The only identifying marks on it is some engraved scribble on the rear rotorhousing below the plugholes. Ive looked at it from all angles and have no CLUE what it is, or even what language it could be. I joked with buttmill that Osama built his engine.

This engine had USED 100k+ mile apex seals. They are stock mazda 3pc seals that could come from any core engine out there. The pic above shows the wear on the apex corner piece...when disassembling a core, you can pull out one of these, and get a quick gauge on the amount of seal wear in the engine. Since the corner piece forms a perfect point when brand new, any flat edge represents wear...so, the wider the flat edge, the more wear. The comparison pic above shows a corner piece with a DOCUMENTED 24k miles (an FD reman water seal core I tore down) versus Jacob's apex corner piece..obviously MUCH more wear there. THis is the single most disgusting part of this whole motor. Despite all the other problems, if it had new apex seals, it'd still be running *decently* right now. Apex seals can be had for as little as $175 plus shipping these days. There is ABSOLUTELY NO REASON to EVER reuse apex seals in a rebuild...unless they have, say, 20,000 documented miles, or something on them. At a certain point, they are worn too much to break in to a different set of housings, or make even useable compression.

Both rotors were previously in engines that ate apex seals and so they both had scratches, scars, and out of spec seal slots (hand filed back out). Both rotors, all 6 grooves. Now, this isn't such a terrible thing, in fact I've done it myself a few times when I had to save a rotor. The problem lies in the USED 100k+ mile apex seals. IF you have a seal groove a little bit uneven, and put in new 2pc seals, then it's gonna work just fine for at least a few years, the seal is stable and tall enough to maintain it's position. These people used stock 3pc seals, and the top piece was worn down thin enough that it just wiggled around inside the (widened) groove. IT would have broken pretty soon anyway.

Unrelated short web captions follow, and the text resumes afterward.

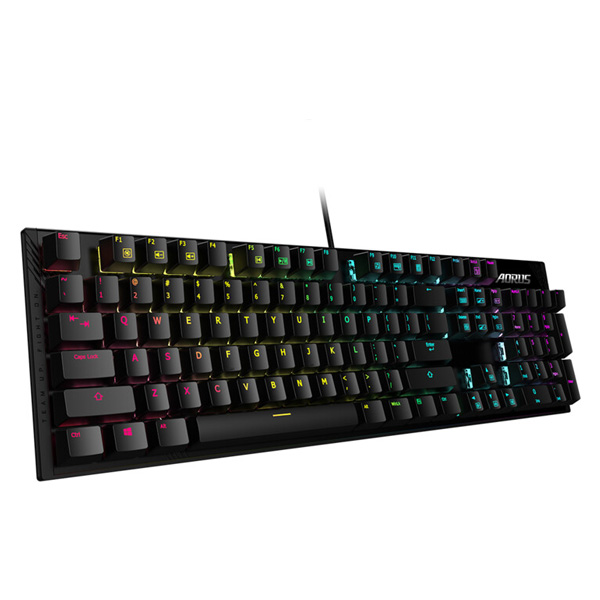 Herní klávesnice Gigabyte AORUS K1 Herní klávesnice Gigabyte AORUS K1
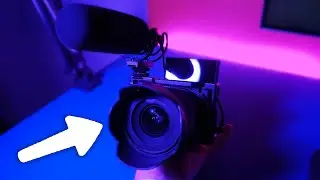 €1500 worth of equipment to make YouTube videos?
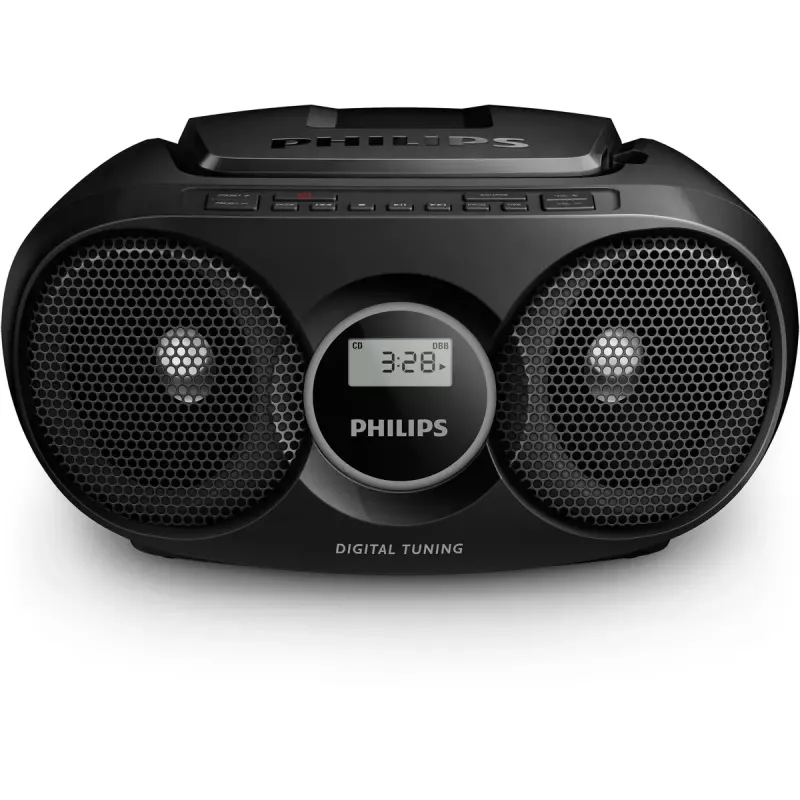 Philips CD garso sistema AZ215B/12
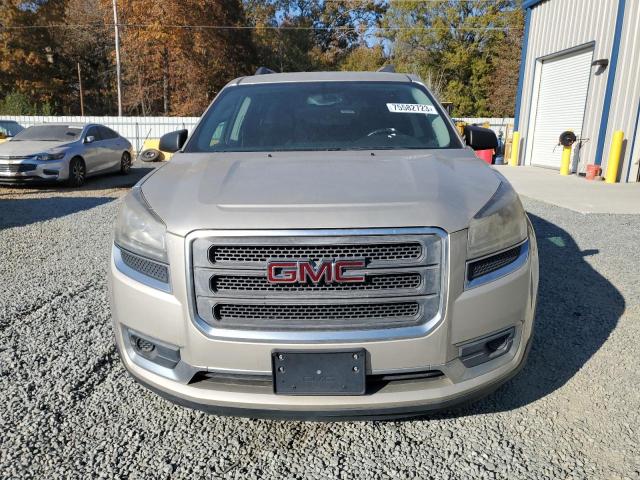 1GKKRPKD2DJ194574 - 2013 GMC ACADIA SLE CREAM photo 5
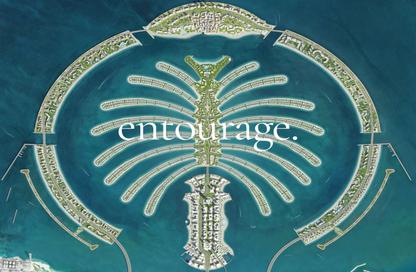 Land - Studio for sale in Palm Jebel Ali Frond P - Palm Jebel Ali - Dubai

The front rotorbearing was absolutely shitty...it's excuseable to use a bearing with 30% copper showing or so, but not 100%. This rotor/bearing was installed this way, because 1) there were no metal shavings/particles anywhere else in the engine, and 2) the other 3 bearings looked pretty good. Were it an oil or abuse related failure, one of these would be present.

The rear iron is fine to use, but in another year or 2 that corrosion would probably have eaten the water jacket out and caused the coolant seals to fail.

Both rotorhousings were in engines that had previous apex seal damage. This is very light damage, but undeniable at that. Even though the ridges are in a non-compression forming area of the engine, they affect seal breakin and wear, since the seal still contacts them each rotation...so they can cause low compression by wearing grooves into the seal.

Just like with any 100k+ mile core, the oil seals fell right out upon disassembly. They shouldn't do this, without being worn out. As shown in that pic, they are discolored to brownish, and are almost flat (instead of round), so these were installed this way.

The only parts that could have been new were corner seal plugs, the FD corner seal springs, and the water seals. EVERYTHING else was used, and in poor used condition at that.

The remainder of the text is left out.